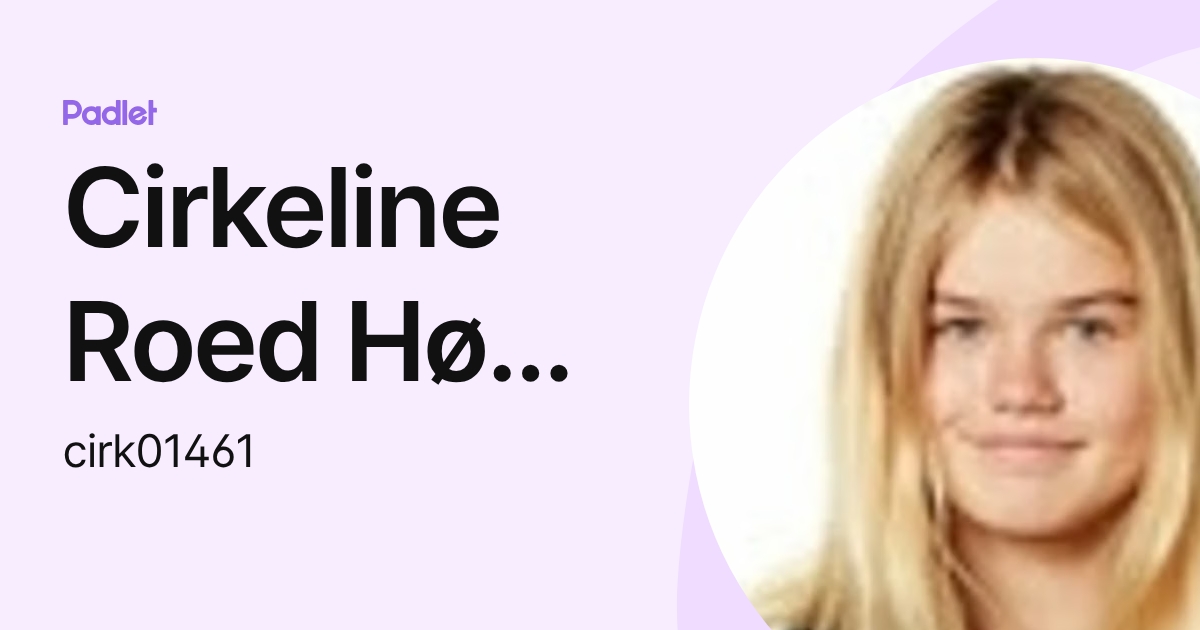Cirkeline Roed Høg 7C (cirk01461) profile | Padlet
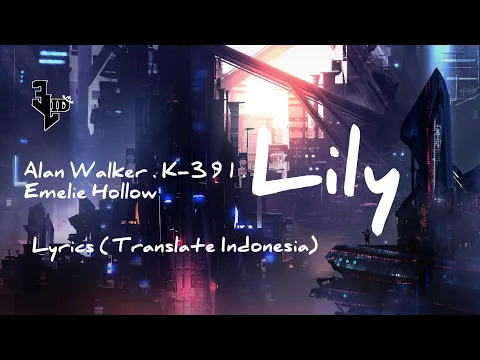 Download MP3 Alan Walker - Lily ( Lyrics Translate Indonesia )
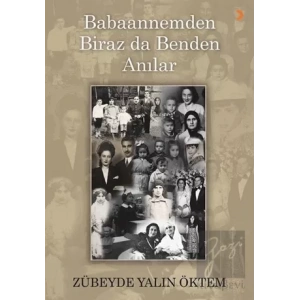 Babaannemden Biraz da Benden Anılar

* * *

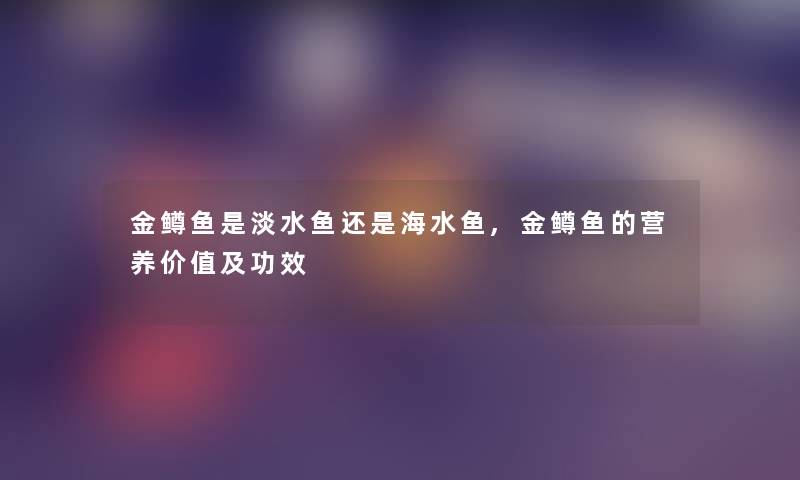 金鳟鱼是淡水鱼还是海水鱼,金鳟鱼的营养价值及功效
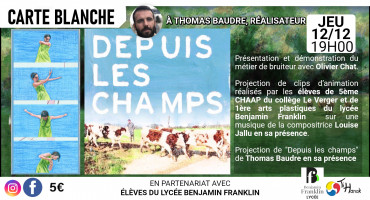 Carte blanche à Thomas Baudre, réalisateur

* * *

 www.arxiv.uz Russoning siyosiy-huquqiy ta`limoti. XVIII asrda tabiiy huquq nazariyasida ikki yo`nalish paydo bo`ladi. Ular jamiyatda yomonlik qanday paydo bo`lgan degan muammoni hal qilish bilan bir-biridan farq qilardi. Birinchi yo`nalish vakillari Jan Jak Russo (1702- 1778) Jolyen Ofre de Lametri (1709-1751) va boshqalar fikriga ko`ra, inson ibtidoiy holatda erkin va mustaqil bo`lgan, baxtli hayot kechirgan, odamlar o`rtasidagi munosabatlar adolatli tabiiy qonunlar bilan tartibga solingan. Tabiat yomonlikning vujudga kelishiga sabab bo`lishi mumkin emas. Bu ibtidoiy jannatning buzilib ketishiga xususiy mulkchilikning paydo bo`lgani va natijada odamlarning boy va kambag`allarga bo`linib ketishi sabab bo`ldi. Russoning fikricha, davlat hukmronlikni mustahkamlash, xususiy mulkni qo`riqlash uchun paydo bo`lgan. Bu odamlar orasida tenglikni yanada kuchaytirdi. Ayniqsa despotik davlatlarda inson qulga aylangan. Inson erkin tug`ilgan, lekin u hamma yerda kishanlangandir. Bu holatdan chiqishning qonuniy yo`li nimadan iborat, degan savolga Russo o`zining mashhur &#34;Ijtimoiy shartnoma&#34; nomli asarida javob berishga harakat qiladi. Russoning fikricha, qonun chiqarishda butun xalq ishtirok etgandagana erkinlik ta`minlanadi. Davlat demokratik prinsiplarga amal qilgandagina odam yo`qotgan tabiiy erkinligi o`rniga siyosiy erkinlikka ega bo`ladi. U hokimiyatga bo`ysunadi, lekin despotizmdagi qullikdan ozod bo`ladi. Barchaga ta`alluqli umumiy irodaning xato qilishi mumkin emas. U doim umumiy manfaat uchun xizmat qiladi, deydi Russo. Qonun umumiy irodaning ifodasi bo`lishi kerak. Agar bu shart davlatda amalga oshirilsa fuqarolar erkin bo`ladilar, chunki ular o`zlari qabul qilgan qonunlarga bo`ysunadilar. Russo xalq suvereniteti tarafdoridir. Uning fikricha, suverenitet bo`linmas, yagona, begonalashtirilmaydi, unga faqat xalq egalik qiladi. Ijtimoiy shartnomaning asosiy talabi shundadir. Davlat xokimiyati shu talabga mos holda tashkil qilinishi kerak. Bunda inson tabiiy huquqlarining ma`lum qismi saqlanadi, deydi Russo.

[Activity] Reproduce, word for word, only the lines in the records above from the line with "Cirkeline Roed Høg" through the line with "Babaannemden Biraz da Benden Anılar", including both ends; omit the pictures.

[Reply to the exercise]
Cirkeline Roed Høg 7C (cirk01461) profile | Padlet
 Download MP3 Alan Walker - Lily ( Lyrics Translate Indonesia )
 Babaannemden Biraz da Benden Anılar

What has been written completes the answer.